● **REQUIRED ACTION**: No pictures belong in the copy. Restate the rest of the data exactly.

[Saved entries]
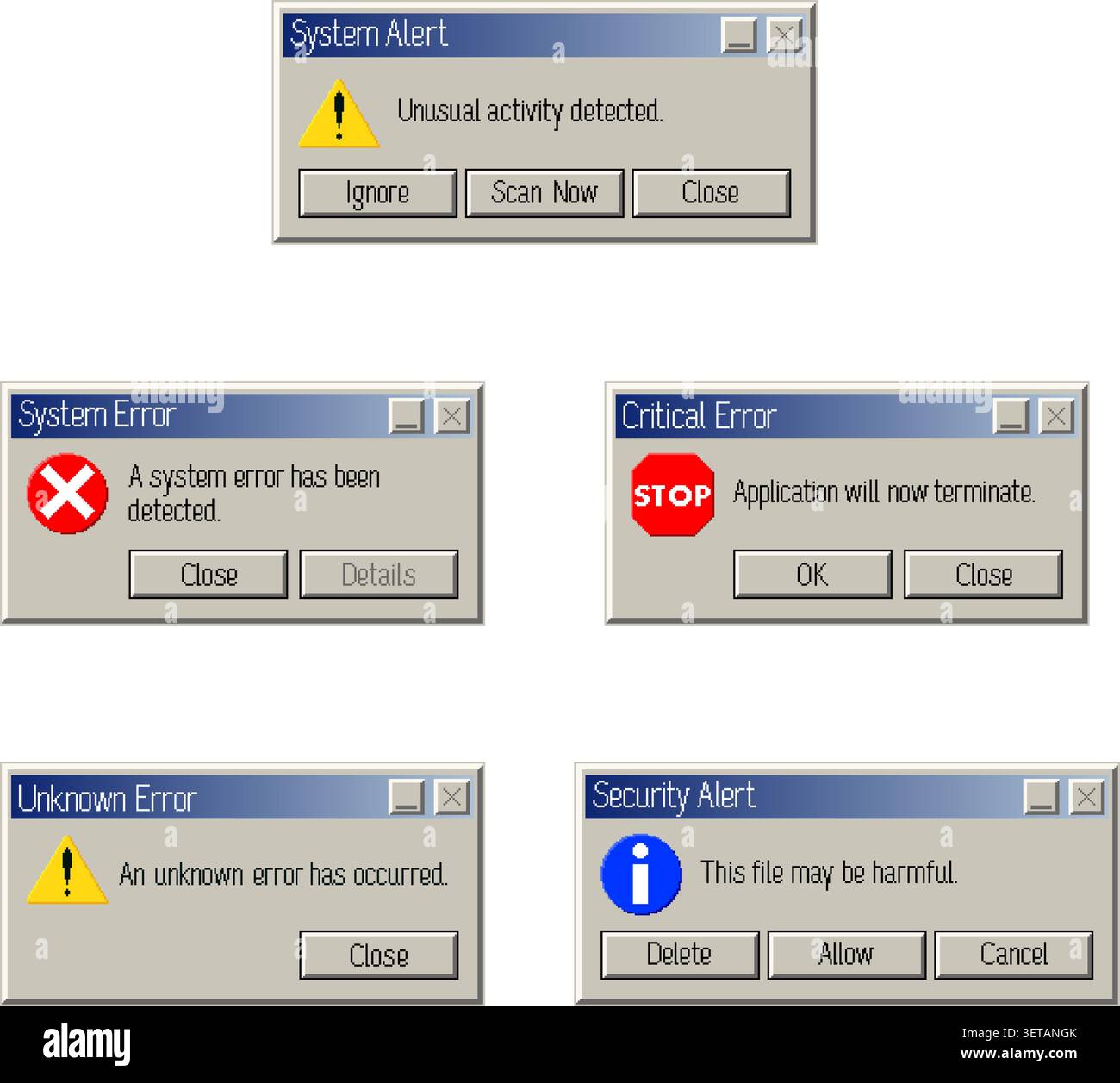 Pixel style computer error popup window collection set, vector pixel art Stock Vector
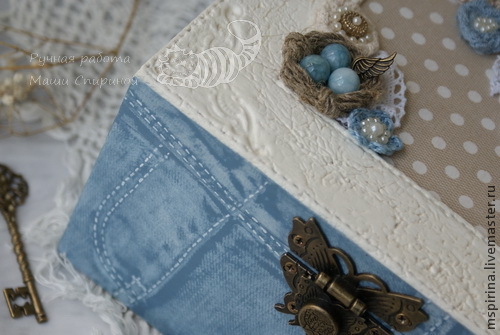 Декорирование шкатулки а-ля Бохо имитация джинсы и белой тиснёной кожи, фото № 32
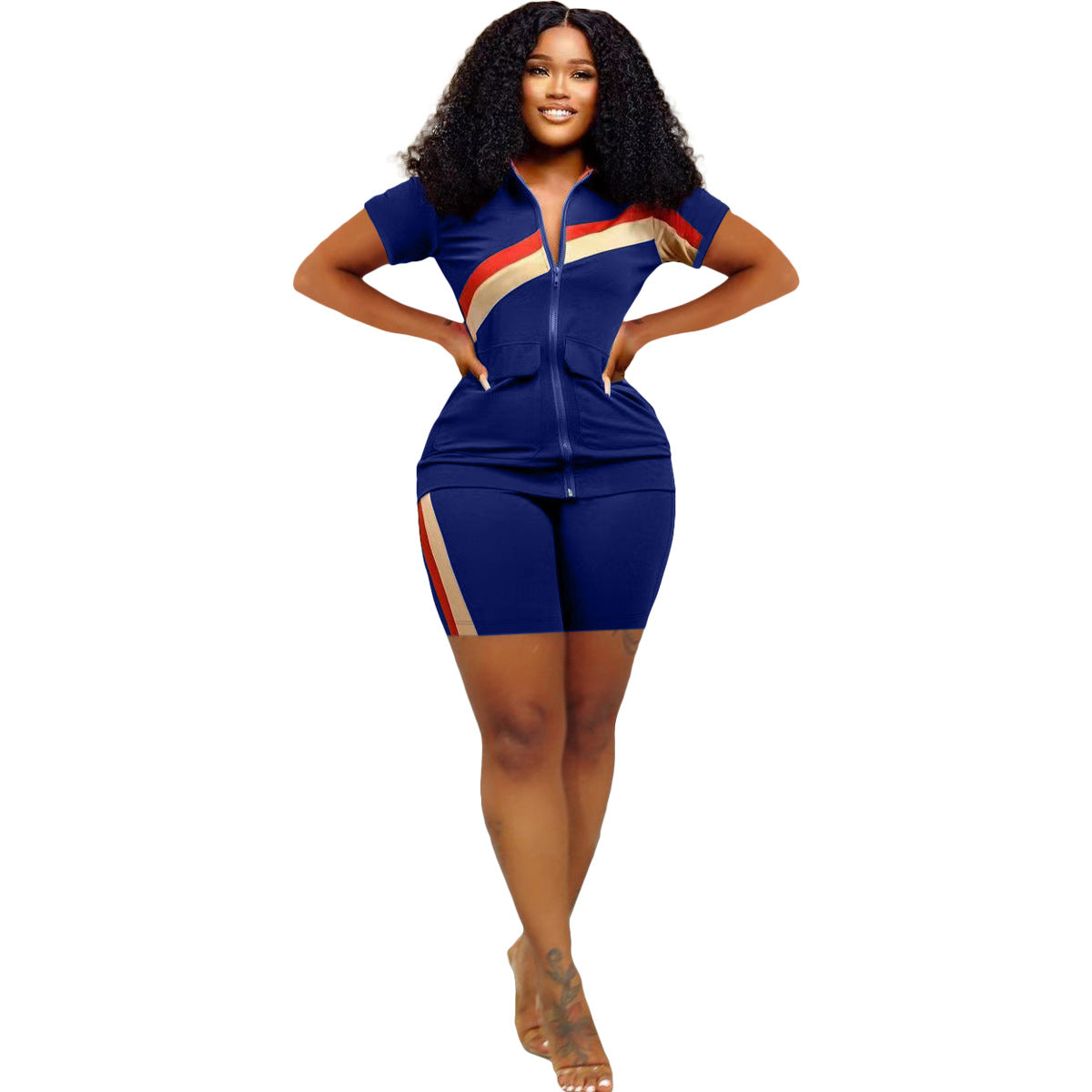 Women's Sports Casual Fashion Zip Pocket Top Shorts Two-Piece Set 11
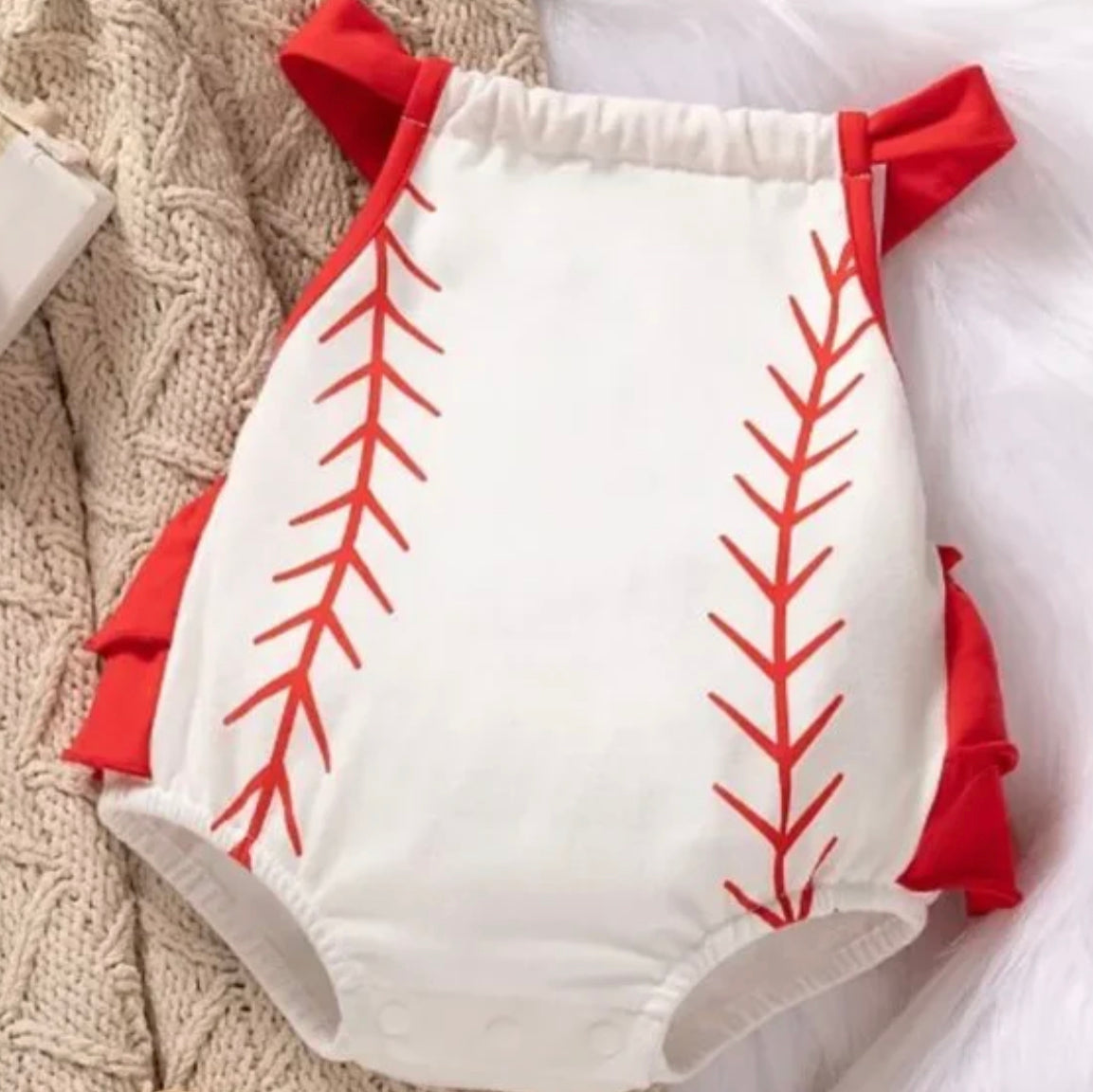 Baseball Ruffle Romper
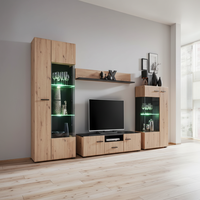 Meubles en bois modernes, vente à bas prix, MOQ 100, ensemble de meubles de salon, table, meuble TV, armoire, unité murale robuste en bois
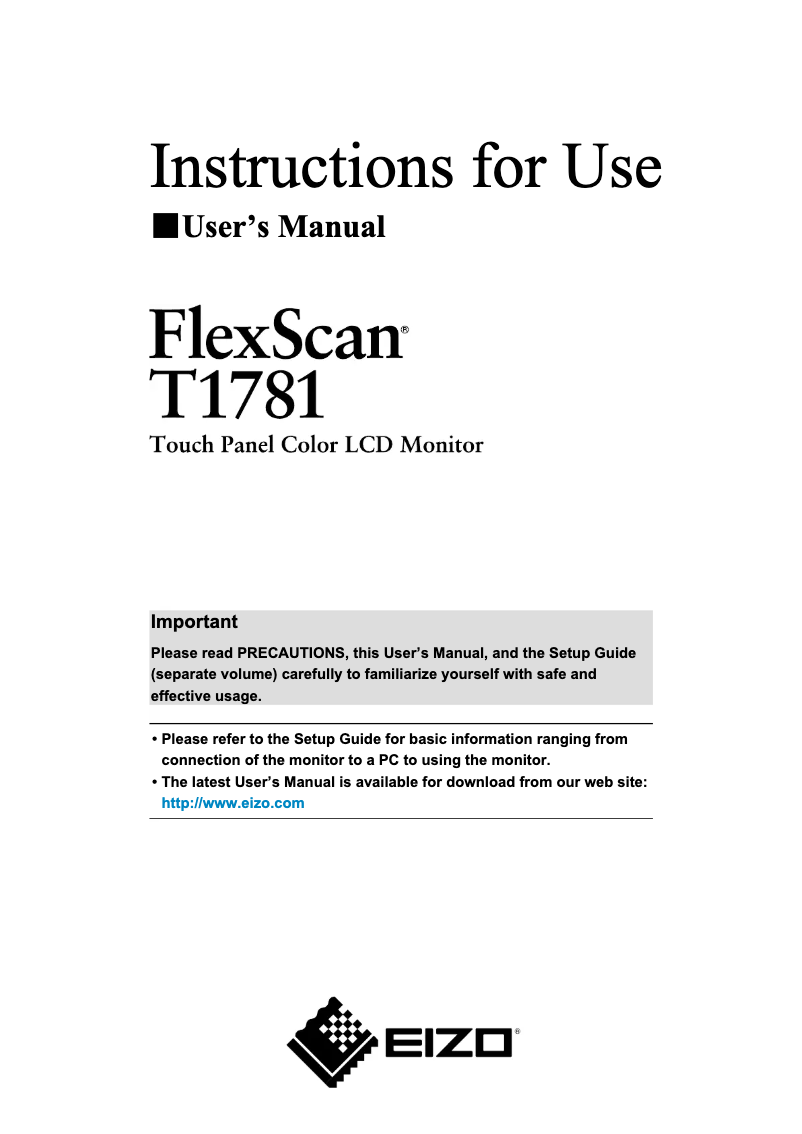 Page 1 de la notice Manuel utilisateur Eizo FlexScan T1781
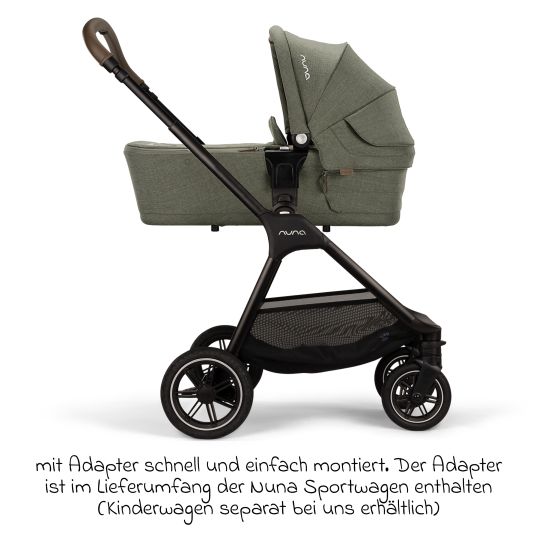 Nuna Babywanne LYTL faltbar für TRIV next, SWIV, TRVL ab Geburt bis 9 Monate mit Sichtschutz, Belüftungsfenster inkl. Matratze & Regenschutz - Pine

● **WORKED SOLUTION**:
 Pixel style computer error popup window collection set, vector pixel art Stock Vector
 Декорирование шкатулки а-ля Бохо имитация джинсы и белой тиснёной кожи, фото № 32
 Women's Sports Casual Fashion Zip Pocket Top Shorts Two-Piece Set 11
 Baseball Ruffle Romper
 Meubles en bois modernes, vente à bas prix, MOQ 100, ensemble de meubles de salon, table, meuble TV, armoire, unité murale robuste en bois
 Page 1 de la notice Manuel utilisateur Eizo FlexScan T1781
 Nuna Babywanne LYTL faltbar für TRIV next, SWIV, TRVL ab Geburt bis 9 Monate mit Sichtschutz, Belüftungsfenster inkl. Matratze & Regenschutz - Pine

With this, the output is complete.